**INSTRUCTIONS TO FOLLOW**
Extract only the lines from the start of the entries below to the line with "2003 - Mini", inclusive; omit every picture.

Stored records:
>>>>>

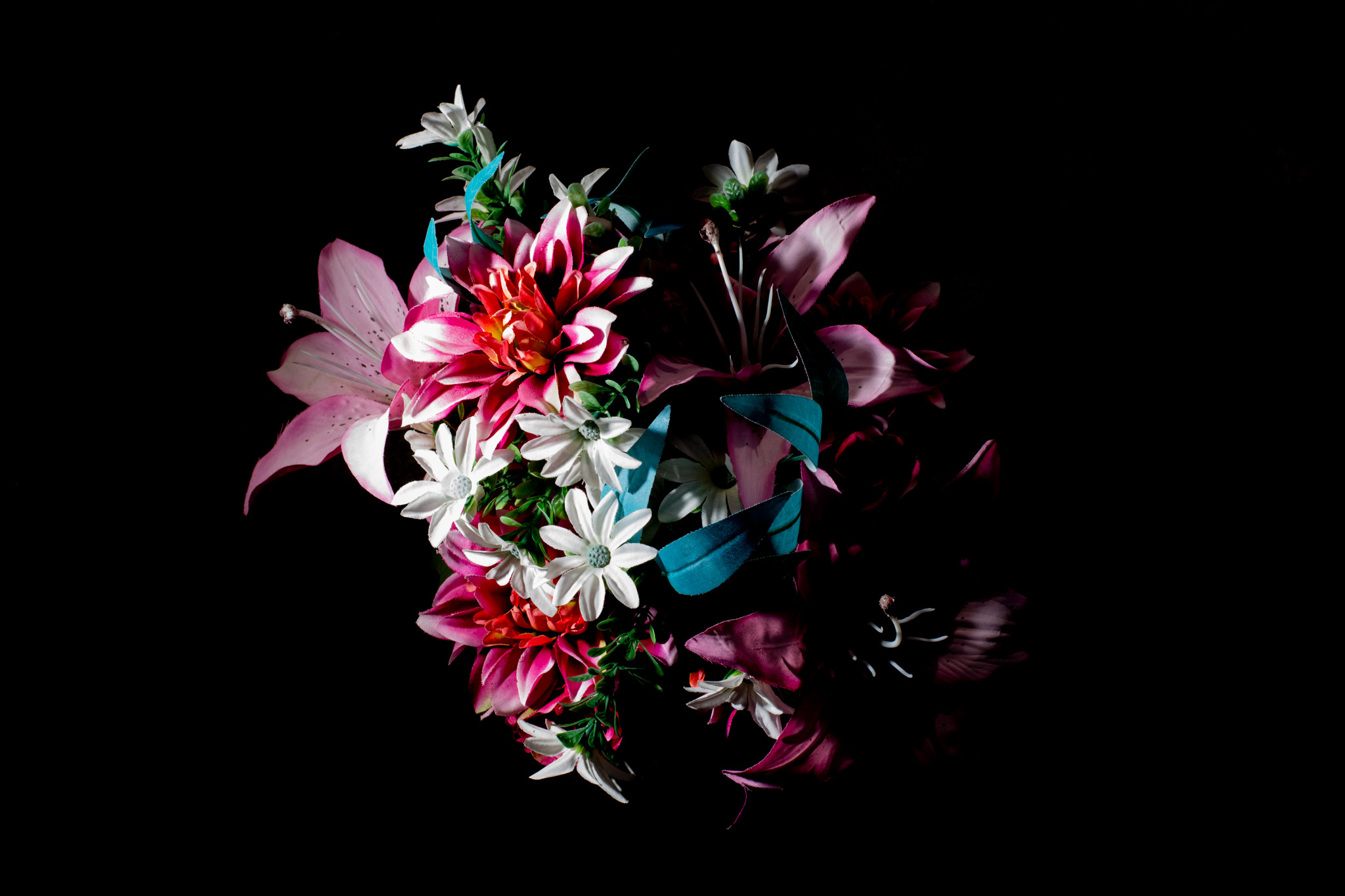 AdVitam_AMarly_Untitled12_0874 Français: Cette photo d'un bouquet de fleurs fait partie de la série Ad Vitam. Ad Vitam est une série de photos réalisées par Alexandre Marly, photographe de portraits et de documentaires Belge. Photographie couleur sur fond noir d'un bouquet de fleurs synthétiques prise directement dans un cimetière. Technique: Nikon D850, flash. English: This photo of a bouquet of flowers is part of the Ad Vitam series. Ad Vitam is a series of photographs made by Alexandre Marly, a Belgian portrait and documentary photographer. Color photograph on black background of a bunch of synthetic flowers taken directly in a cemetery. Technique: Nikon D850, flash.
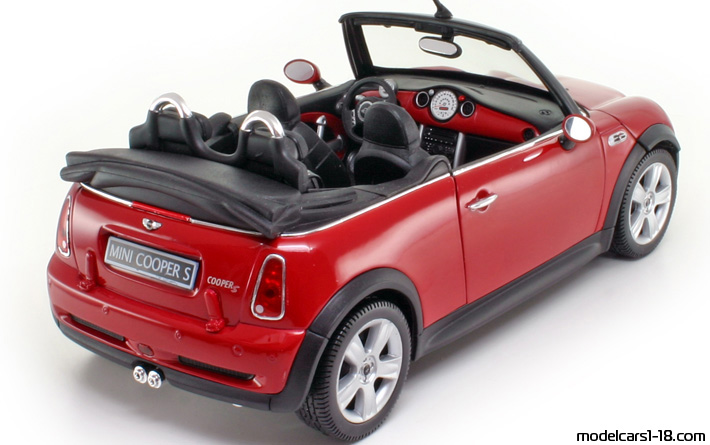 2003 - Mini Cooper S Welly 1/18 (Червен) Задна дясна страна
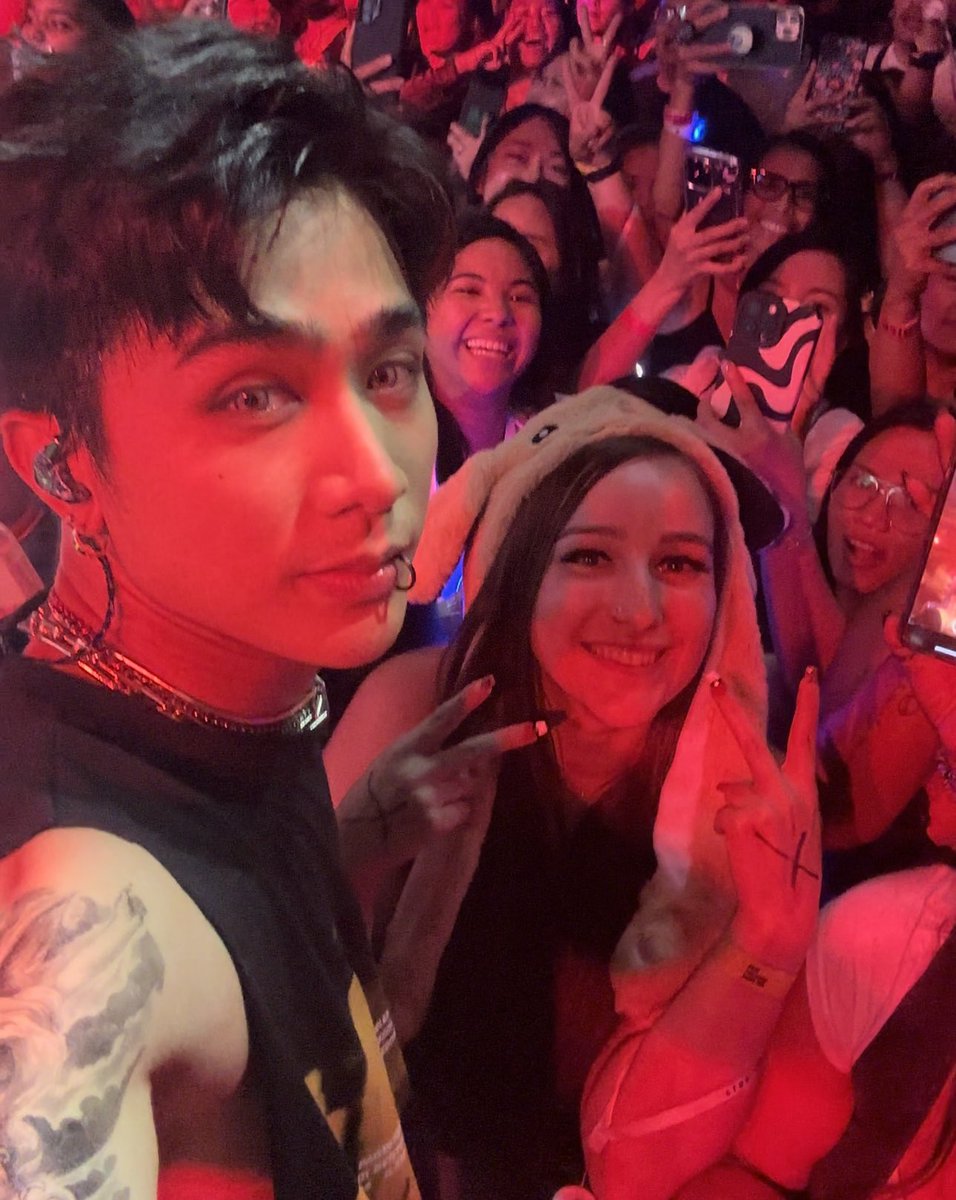 KTChannel9's tweet photo. Thank you @stellajero_ @JoshCullen_s @felipsuperior for taking photos with me again.💙🥹🫶🏻 I had such an amazing time, its unforgettable like you said it would be Josh💙 

@SB19Official #SB19 
#PAGTATAGWorldTourNewYork https://t.co/Q3fxf3hoQf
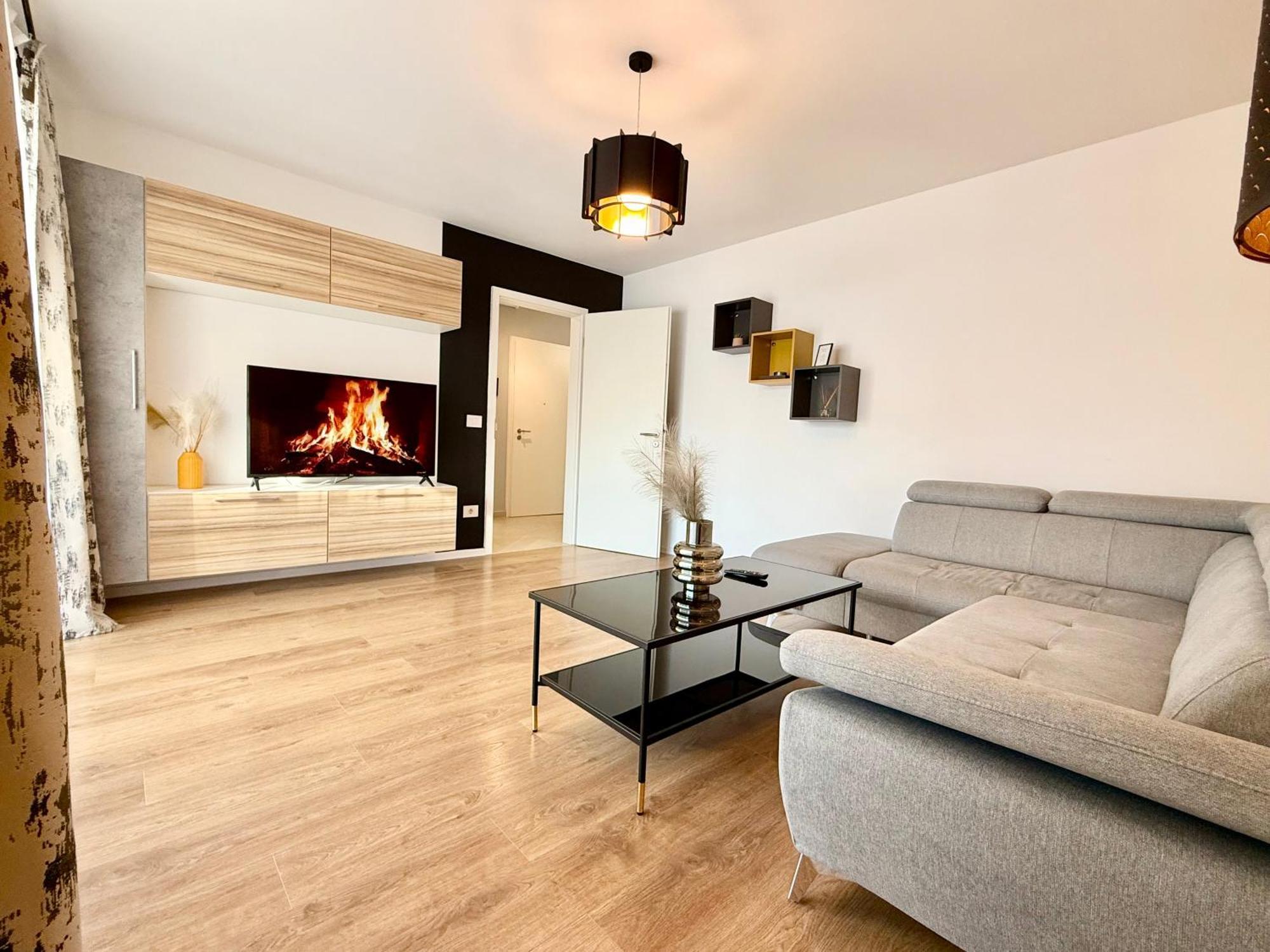 Kasper Coresi Mall - Rise Private Apartments & Suites Braşov Extérieur photo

<<<<<

**EXERCISE ANSWER**
 AdVitam_AMarly_Untitled12_0874 Français: Cette photo d'un bouquet de fleurs fait partie de la série Ad Vitam. Ad Vitam est une série de photos réalisées par Alexandre Marly, photographe de portraits et de documentaires Belge. Photographie couleur sur fond noir d'un bouquet de fleurs synthétiques prise directement dans un cimetière. Technique: Nikon D850, flash. English: This photo of a bouquet of flowers is part of the Ad Vitam series. Ad Vitam is a series of photographs made by Alexandre Marly, a Belgian portrait and documentary photographer. Color photograph on black background of a bunch of synthetic flowers taken directly in a cemetery. Technique: Nikon D850, flash.
 2003 - Mini Cooper S Welly 1/18 (Червен) Задна дясна страна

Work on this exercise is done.